The multidrug resistance of E. coli ST131 poses a challenge for successful treatment and prevention of recurrent UTI, which may be exacerbated by the formation of IBCs. E. coli EC958 is resistant to 8 classes of antibiotics, including cephalosporins, fluoroquinolones, and aminoglycosides. Consistent with this phenotype, we showed that E. coli EC958 established acute bladder infection in C3H/HeN mice (n = 8) that were given prophylactic TMP-SMZ (54 or 270 μg/mL) for 3 days prior to infection (Figure 4A). This result, when considered in light of the widespread occurrence of multidrug-resistant UPEC infections, prompted us to evaluate alternative strategies for the treatment and prevention of E. coli ST131–mediated UTI. We have previously demonstrated that strains of the ST131 lineage, including E. coli EC958, rely on the FimH adhesin of type 1 fimbriae for colonization of the mouse bladder [28]. Given the key role of type 1 fimbriae in E. coli EC958 uropathogenesis, we evaluated the efficacy of a previously characterized FimH inhibitor [21] in preventing acute bladder infection by E. coli EC958. Two groups of 8 mice were administered 1 oral dose of compound ZFH-04269 (50 mg/kg) or PBS 30 minutes prior to intraurethral inoculation with E. coli EC958 (10⁷ CFU), and bacterial titers in bladders and kidneys were assessed at 6 hours after infection. Mice treated with compound ZFH-04269 showed a median 100-fold decrease in E. coli EC958 CFU in their bladder, compared with PBS-treated control mice (P = .0009, by the Mann–Whitney U test; Figure 4B). No difference was observed in E. coli EC958 bacterial titers in the kidneys of mice treated with compound ZFH-04269 or PBS (Figure 4B). These data highlight the importance of type 1 fimbriae in the establishment of cystitis by E. coli EC958 and indicate that FimH inhibitors may be a promising strategy for preventing infection by multidrug-resistant E. coli ST131.

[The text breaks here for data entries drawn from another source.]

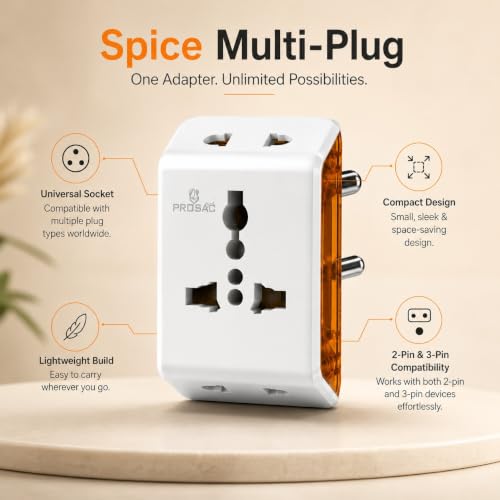 Image of PROSAC 6A Universal Multi Plug Adapter | 3-Pin Socket | Supports 2-Pin & 3-Pin Plugs | Travel Adapter for Mobile Chargers, Laptops & Electronics | Pack of 5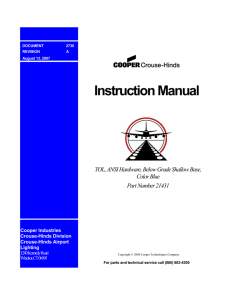Instruction Manual  TOL, ANSI Hardware, Below Grade Shallow Base, Color Blue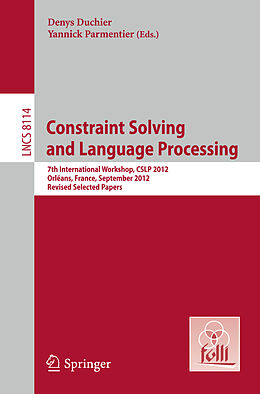 Kartonierter Einband Constraint Solving and Language Processing von 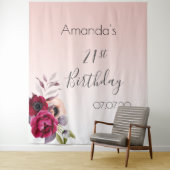 21e verjaardag bloederige roos gouden bloemen bogu wandkleed (In situ)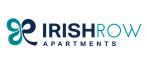 Elegant logo of Irish Row Apartments featuring a modern design with blue and teal accents.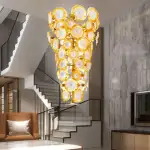Large Glass Chandelier Murano Glass Plate Light  (Golden And White)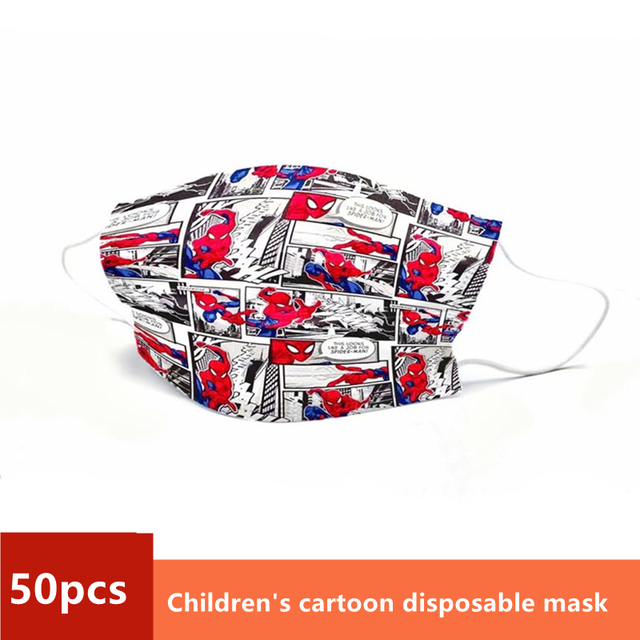 Disney Children's Mask Spider-Man Marvel Avengers Character Disposable Face Mask Cartoon Hero Pattern Lilo and Stitch Pixar Dust Cover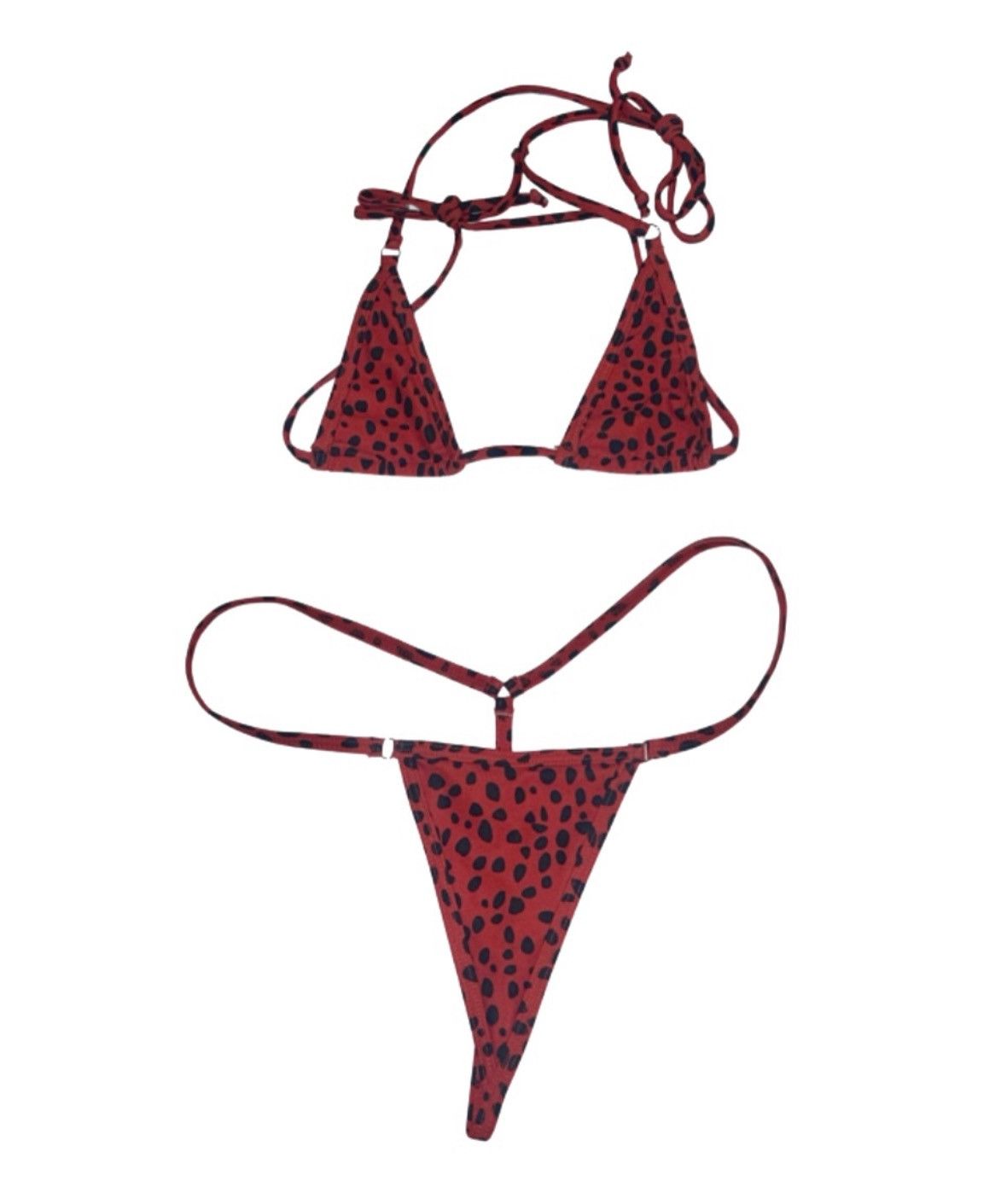 Other Red & Black Dot Bikini Size L Swimwear Tropical Vacation Size L / US 10 / IT 46 - 1 Preview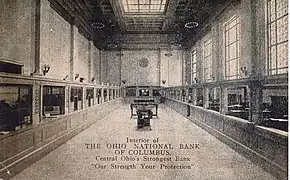 Interior view postcard, facing west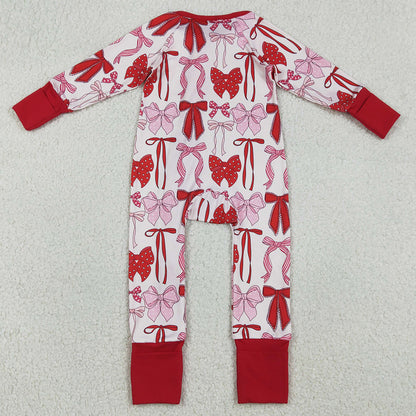 Baby Girls Rompers Red Bows Valentines Two Way Ruffle Zip Convertible Rompers LR2780 12.20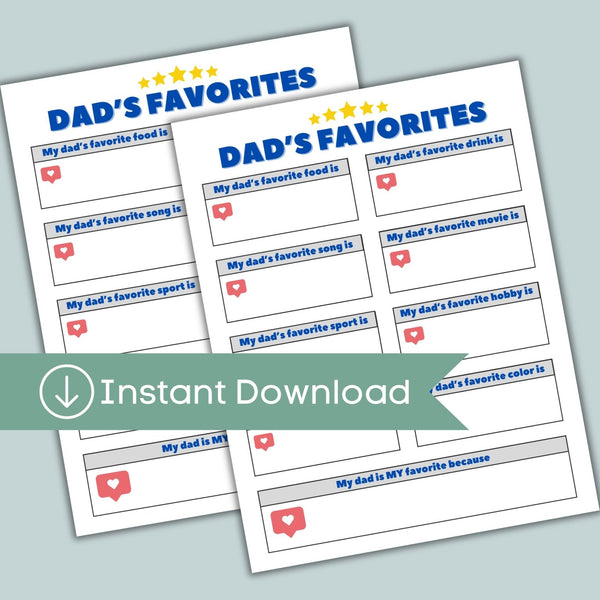 Father's Day Favorites - Printable Instant Download - The Note House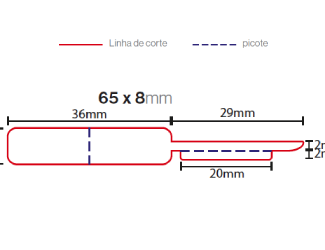 Etiqueta para Joalharia 65X8mm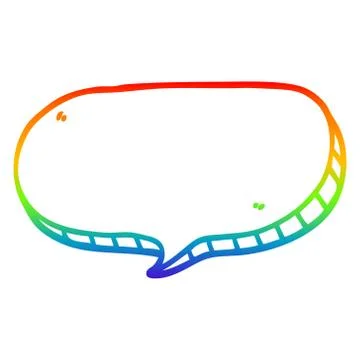 Rainbow gradient line drawing cartoon speech bubble Stock Illustration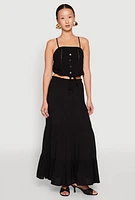 Womens Almost Famous Faux Button Cropped Cami,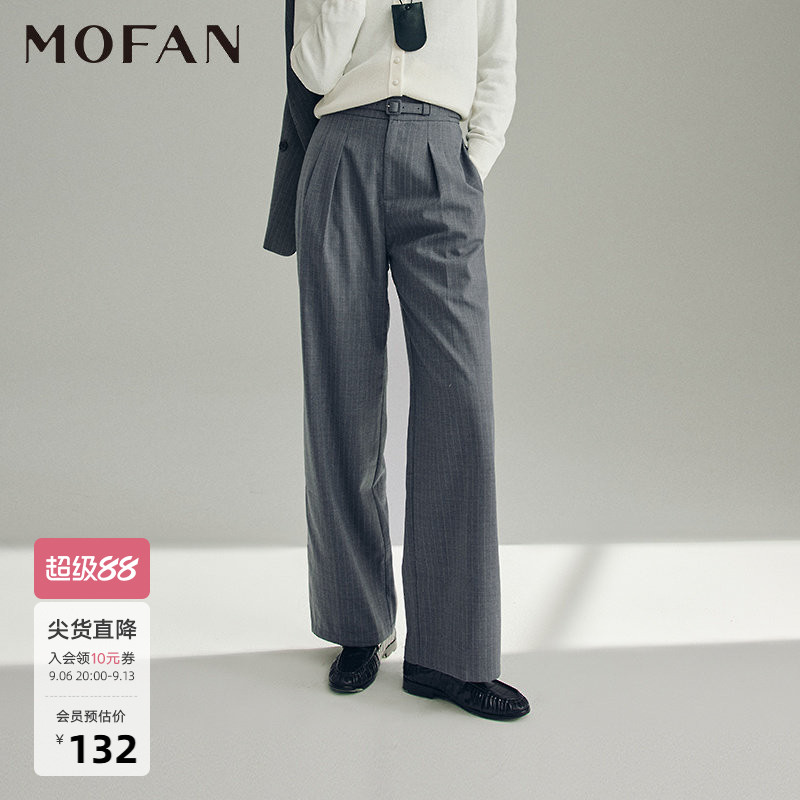 MOFAN摩凡秋新款灰条纹休闲裤图片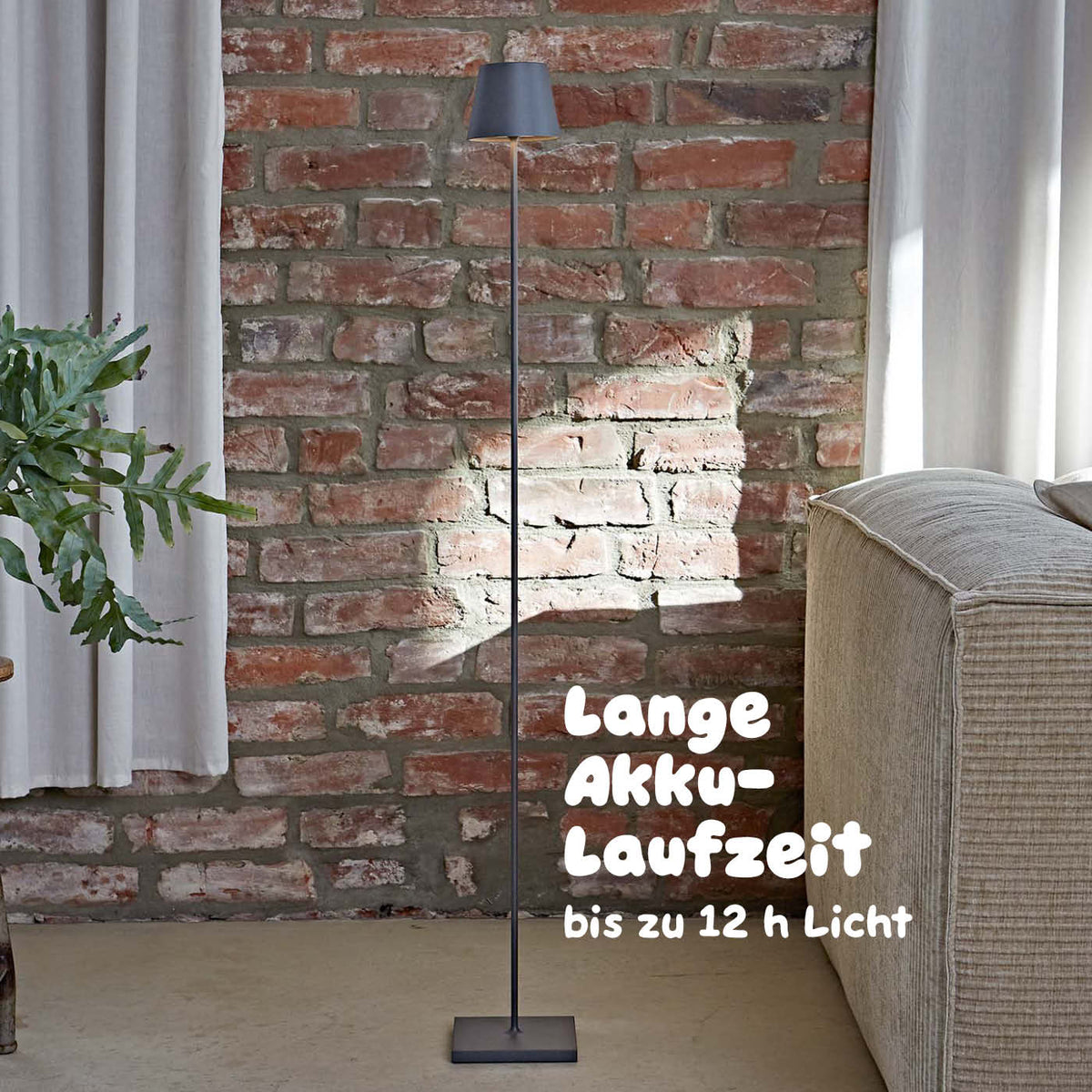 Lange Akkulaufzeit: Sigor Nuindie Akku-Stehleuchte in #Farbe_Graphitgrau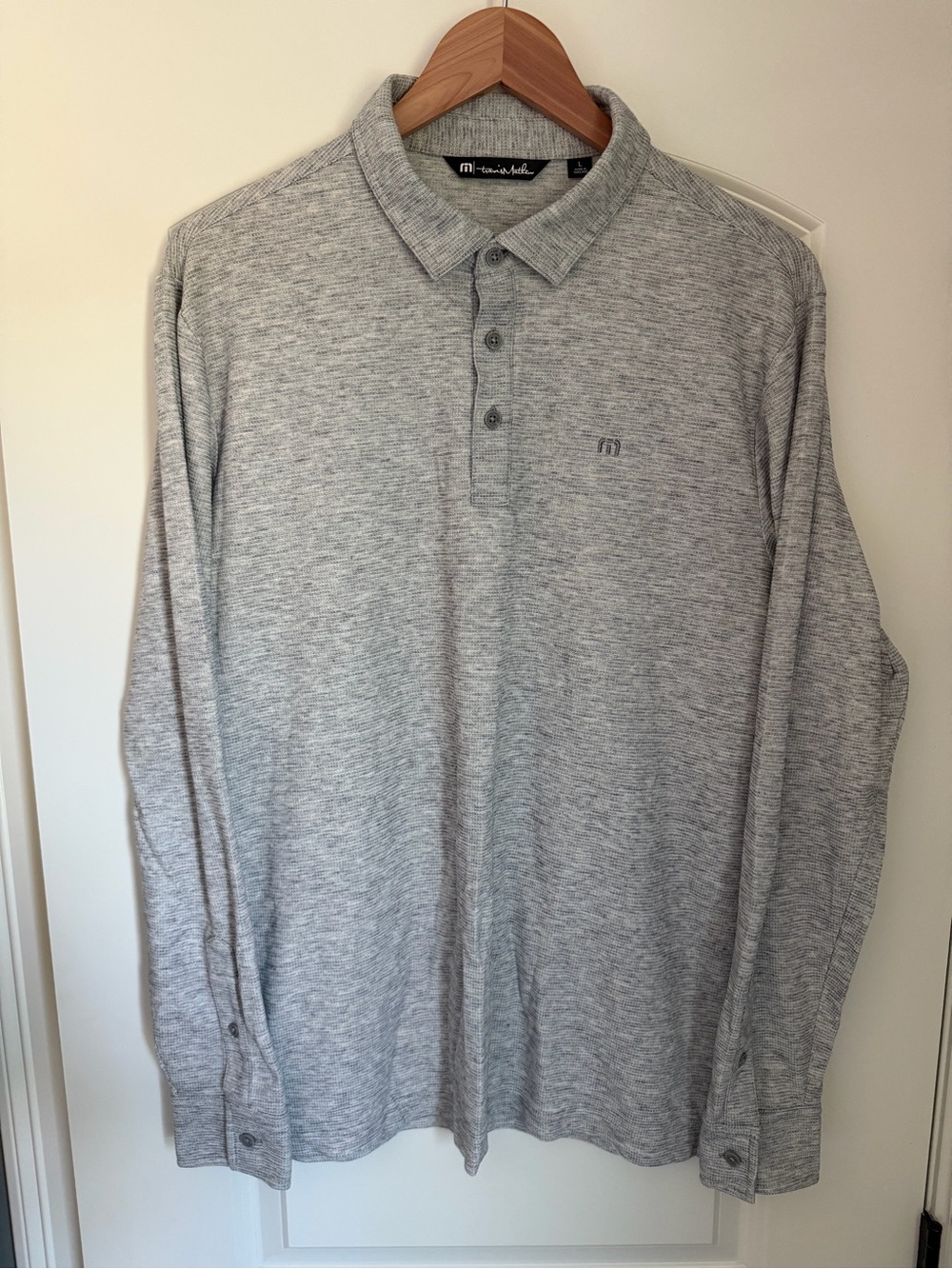 Travis Mathew Heather Light Gray Long Sleeve Polo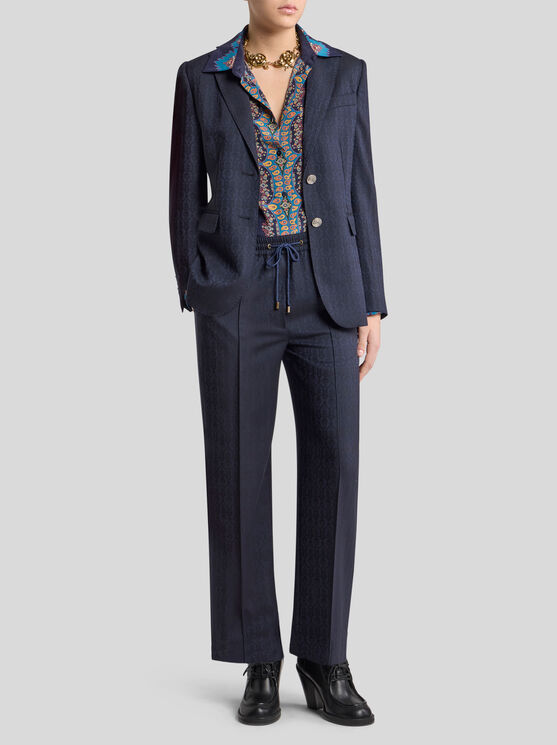 Etro Wool Jacquard Jogging Trousers In Blue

Figure 4. — One oral dose of a FimH inhibitor significantly decreases the bacterial load in the bladder of C3H/HeN mice infected with *Escherichia coli* ST131. A and B, Bacterial titers in bladder and kidneys of mice infected with *E. coli* EC958 at 6 hours after infection. A, Groups of 8 mice each were given either trimethoprim-sulfamethoxazole (TMP-SMZ) in the drinking water (54 and 270 μg/mL, respectively; white circles) or were left untreated (black circles) for 3 days prior to infection. B, Groups of 8 mice each were administered 1 dose of compound ZFH-04269 orally (50 mg/kg; white circles) or phosphate-buffered saline (PBS; black circles) by oral gavage 30 minutes prior to *E. coli* EC958 infection C, *E. coli* EC958 titers in bladder and kidneys of mice with persistent bacteriuria at day 14 after infection. Groups of 13 mice each were administered a single dose of compound ZFH-04269 (50 mg/kg; white circles) or PBS (black circles) by oral gavage. Mice were euthanized 6 hours following treatment. Group median values are shown as horizontal lines.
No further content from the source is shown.